What You Need to Know
- The crypto market encompasses many different types of assets.
- The SEC and CFTC have authority over some assets, but there are regulatory gaps.
- New legislation may be needed to develop new rules, or the FSOC created under Dodd-Frank may suffice.
A hearing Wednesday of the House Subcommittee on Oversight and Investigations showed just how difficult it is to regulate the cryptocurrency and crypto asset markets.
There were the usual differences in opinion about regulation between Democratic and Republican members of the subcommittee, which is a unit of the House Financial Services Committee, although at least one Republican member noted the need for more clarity about regulations. More striking were the discussions about all the components of the crypto market and the limits of current federal regulation, which may require legislation to expand.
There are multiple cryptocurrencies like Bitcoin and Ethereum and many more; also stablecoins such as Tether, which are supposed to be pegged to external currencies but don’t always perform that way — Tether failed that test — and initial coin offerings (ICOs), used by startups to raise funds to develop crypto products or services.
In addition, there are crypto exchanges for trading of these assets and crypto custodians for storage, which now include traditional financial firms like Fidelity; and major banks like Morgan Stanley and Goldman Sachs are developing ways for their clients to invest in cryptocurrency.
Some of those assets are regulated, at least partially by federal agencies. The Securities and Exchange Commission, for example, regulates most ICOs but, according to SEC Chairman Gary Gensler, does not have the authority to regulate crypto exchanges. The Commodity Futures Trading Commission oversees Bitcoin futures, but it has limited antifraud and anti-manipulation authority over spot and forward markets of cryptocurrencies, including Bitcoin.
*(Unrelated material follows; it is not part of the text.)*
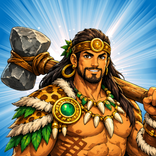 Primal Hunt: Castle Clicker 2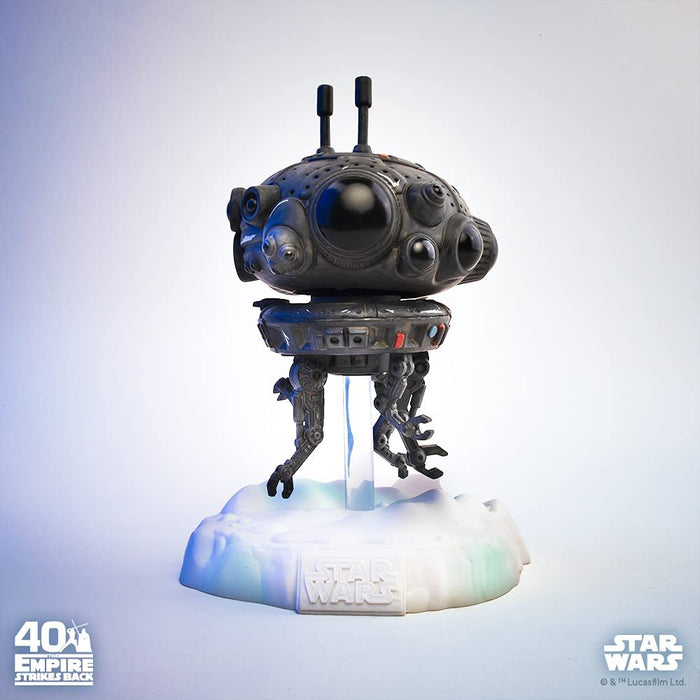 Deluxe-Star Wars- 6" Probe Droid Pop!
Crypto exchanges are subject to rules from the Treasury Department’s Financial Crimes Enforcement Network (FinCEN), which oversees anti-money laundering (AML) and know-your customer (KYC) obligations. State agencies can also impose AML and KYC obligations, which is what the New York Department of Financial Services has done for New York businesses involved in the crypto market and firms that sell crypto assets to New York residents.
The Regulatory Picture
There are regulatory gaps concerning cryptocurrencies and assets.
SEC Chairman Gary Gensler has said the SEC lacks the authority to regulate crypto exchanges and Congress needs to provide it.
At the House subcommittee hearing, attorney Christine Parker, a partner at Reed Smith who specializes in regulatory matters related to digital assets, commodities and derivatives, noted, “As a commodity and unlike a security, the purchase and sale of Bitcoin (i.e., spot/cash and forward trades) is largely unregulated at the federal level.”
Sarah Hammer, a managing director of the Stevens Center for Innovation in Finance at the Wharton School, said, “While the SEC has applied securities regulation to dozens of ICOs based on the Howey test [a test that determines what qualifies as an "investment contract," based on Supreme Court decision], there is still a lack of clarity as to whether it applies to a number of cryptocurrency transactions that currently do not comply with SEC registration and disclosure obligations.”
She supports the development of “clear, sufficient and appropriate” regulatory framework for cryptocurrencies developed under the leadership of the Financial Stability Oversight Council, which is led by the Treasury secretary and includes heads of major financial and banking agencies, including the SEC, CFTC, Federal Reserve Board and FDIC, in coordination with state regulators and consultation with international standard-setting bodies.